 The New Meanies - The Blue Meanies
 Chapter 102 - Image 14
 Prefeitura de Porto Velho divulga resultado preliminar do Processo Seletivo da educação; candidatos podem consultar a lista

________

## What you need to do
Restate the material above word for word, leaving nothing out.

## Response to this task
 The New Meanies - The Blue Meanies
 Chapter 102 - Image 14
 Prefeitura de Porto Velho divulga resultado preliminar do Processo Seletivo da educação; candidatos podem consultar a lista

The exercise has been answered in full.